Seattle Art Fair will be a fairly standard, brick-and-mortar, half-commercial, half-curated art fair, featuring 40 to 50 galleries representing local to international dealers with an emphasis on the West Coast and the Pacific Rim. A broad art-world call for applications went out November 27, but applications were already open. The venue is the CenturyLink Field Event Center, which Fishko says is about 60,000 square feet of high ceilings and polished concrete floors.

"I am considering [applying]," venerable Seattle contemporary dealer James Harris wrote via e-mail from Miami. "The organizers and the Vulcan team have been meeting for months. They are doing a fantastic job."

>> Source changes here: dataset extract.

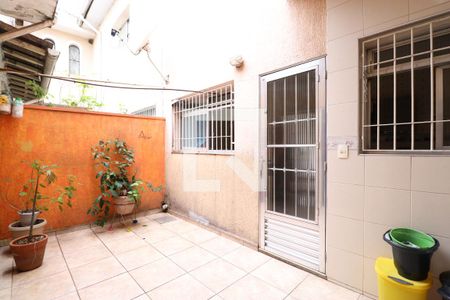 Casa à venda com 104m², 2 quartos e 1 vagaÁrea de Serviço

John Braseth, longtime Seattle dealer of regional historical work, including the Northwest Mystics crew, says: "It sounds exciting. I think we'd seriously consider being part of that for sure."

The other half of the fair will be 8 to 12 temporary exhibitions by individual artists spread across Seattle at indoor and outdoor venues, inspired in part by Allen's experiences visiting biennales around the world, including at Venice, where, as Vulcan curator Greg Bell points out, everybody is always noting Allen's megayacht, Octopus, parked out front during the festivities.

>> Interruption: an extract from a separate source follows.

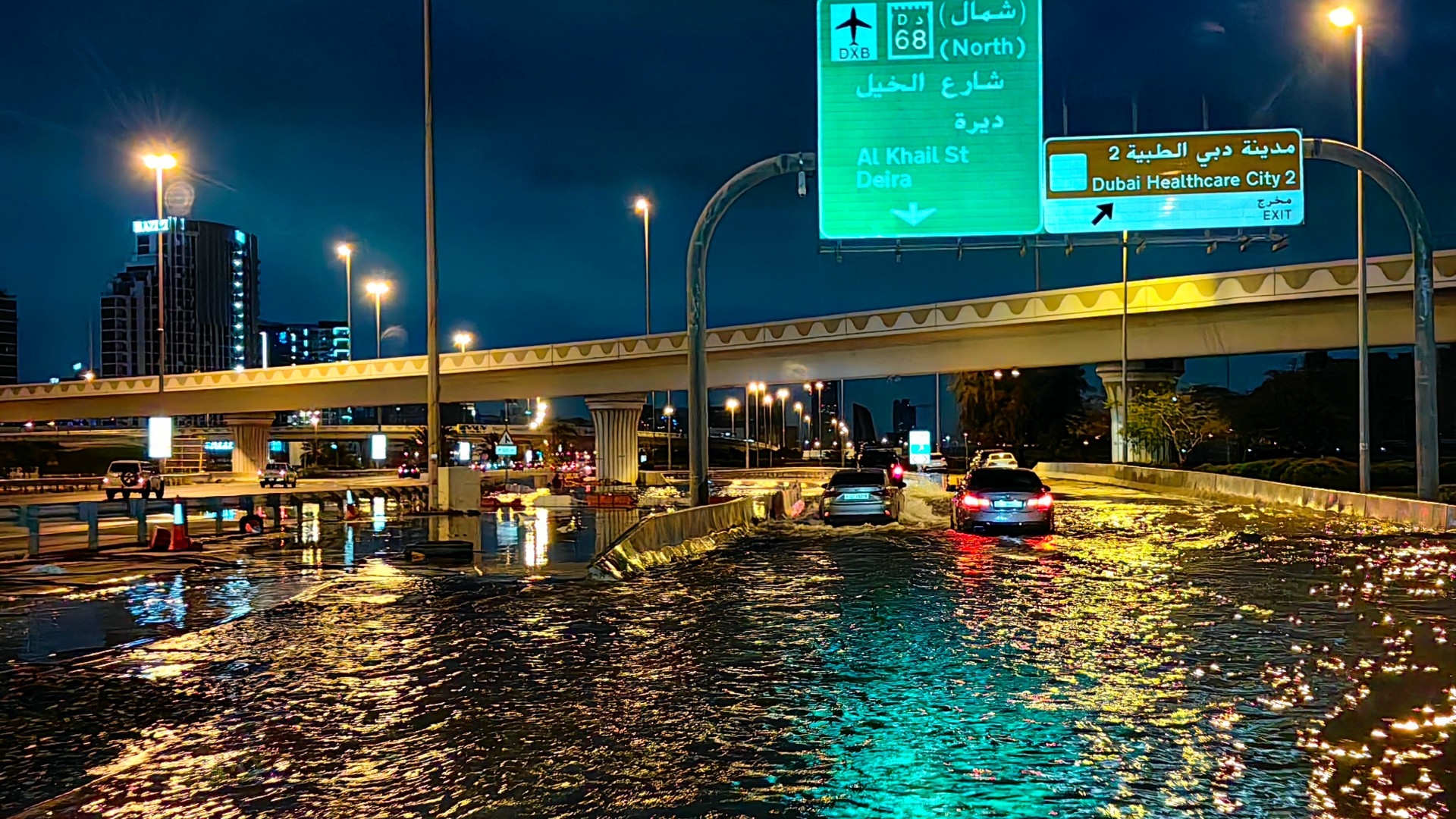Motorists drive along a flooded street following heavy rains in Dubai early on 17 April 2024 (AFP/Giuseppe Cacace)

"We want to draw people's interest beyond just another fair," Fishko says. The idea for a hybrid event came in part from looking not only at the grande dame that is Venice, where exhibitions happen in every nook and cranny of the walking city, but also at smaller-scale, more imitable events like Prospect New Orleans and the Berlin Biennale.

What Fishko wants to avoid is what reporter Brett Sokol wrote about in a November 28 New York Times story called "Art Basel Miami Beach's Unfulfilled Promise." Some dealers and artists there say Basel is great—for the week it happens. Fishko says he has no opinion on Miami, "no dog in that race." But with the Seattle Art Fair, he's "trying to avoid this alien-mother-ship-landing-and-taking-off effect that can happen with things like this."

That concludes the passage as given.